La haine. En organisant une société sur l’injustice, on engendre de multiples frustrations. Elles devraient normalement se diriger contre les responsables de ces injustices, elles seront redirigées vers des ennemis extérieurs et des boucs émissaires intérieurs sous forme de haine. Sans ce détournement d’énergie, on assisterait à une formidable transformation sociale, ce qu’il faut éviter à tout prix. La guerre est une révolution détournée.

La cupidité. Pour fonder une société sur l’injustice, chaque être doit perdre sa valeur irremplaçable (sa dignité d’être humain) pour recevoir une valeur d’échange (ses revenus et ses biens). La cupidité peut alors prendre prise. On réalise des échanges totalement injustes : par exemple, une heure paysanne pour un dixième de seconde du travail d’un PDG d’entreprise. Le mieux consiste à prendre toutes les ressources d’un pays par la force. La guerre est un pillage pur et simple.

La transcendance. La guerre est toujours une idée placée au-dessus des êtres vivants, tuer au nom d’une idéologie. Cela n’a rien à voir avec l’expérience de la transcendance, au contraire, c’est une perversion pure et simple de la transcendance. Car justement qui a fait une expérience de la transcendance a réalisé de façon intime et irréversible que la vie prime sur l’idée. La guerre est un ensemble de meurtres.

Pour faire la guerre, on doit créer, entretenir, catalyser et canaliser ces trois éléments. La guerre est forcément le fait d’une certaine tyrannie. Traiter celui qui défend sa maison sur le même pied d’égalité que celui qui attaque est sans doute la plus grande des injustices. La guerre est une guerre contre la démocratie, contre l’humanité (bienveillance et compassion pour autrui), le combat de l’inconscience contre la conscience, le résultat d’un processus de refoulement des ressentiments utilisés par des tyrans pour leur propre survie politique.

La paix ne peut être qu’un effort de la conscience afin d’éviter le refoulement en orientant les frustrations légitimes vers plus de justice. C’est pourquoi la prévention gagne la guerre alors que la passivité la perdra à tout coup.

Une fois la guerre commencée, la défense doit être immédiate et décisive. Nous n’avons pas le droit de laisser la victime à elle-même. Ce n’est pas une question de sécurité pour l’Europe, mais de sécurité pour l’humanité, ce n’est pas une question de solidarité dans l’OTAN, mais de solidarité humaine. Chacun d’entre nous est appelé à la défense de chaque Ukrainien et de chaque Russe refusant la tyrannie : qui, en relayant des images et des informations; qui, en arrêtant de consommer directement ou indirectement des produits de l’attaquant; qui, en méditant ou en priant; qui, par des dons; qui, en accueillant un réfugié; qui, par des cris d’espérance contre la militarisation du monde…
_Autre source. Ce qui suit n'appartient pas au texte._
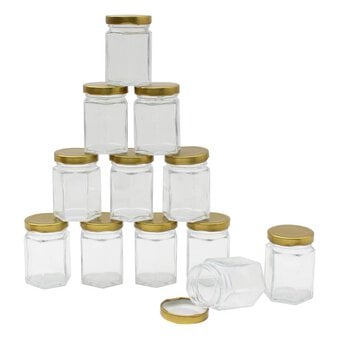 Clear Hexagonal Glass Jars 55ml 12 Pack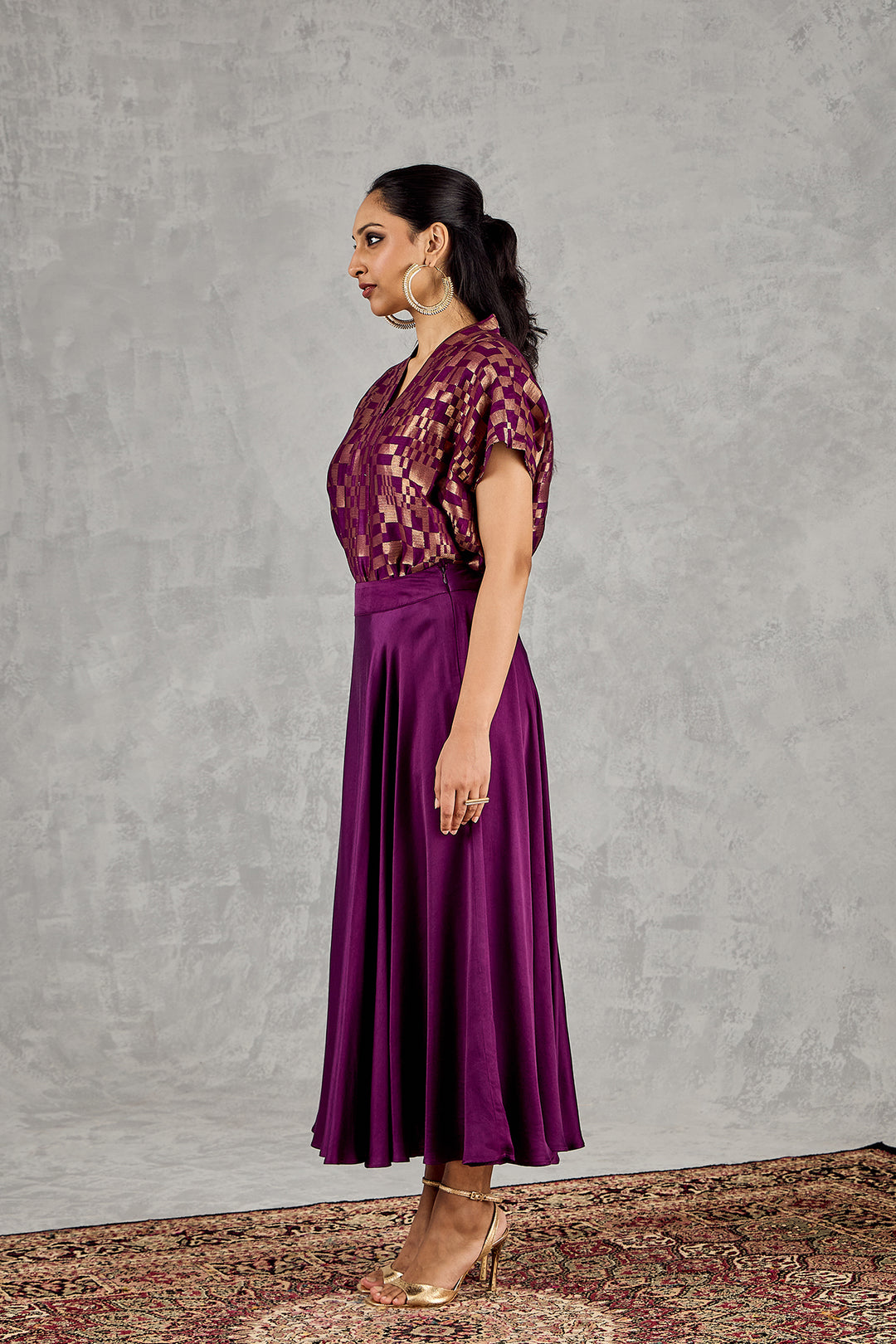 PURPLE CHECK TOP and SKIRT SET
Et chacun poussant dans le dos des gouvernements pour les sortir de leur peur et de leur torpeur. Tous dans la rue. La nourriture du tyran, c’est celui qui ne veut rien perdre, garder tous ses privilèges, profiter des ressources du tyran, parler en refusant le moindre sacrifice.

Chaque petite complicité tue, chaque action de solidarité donne vie.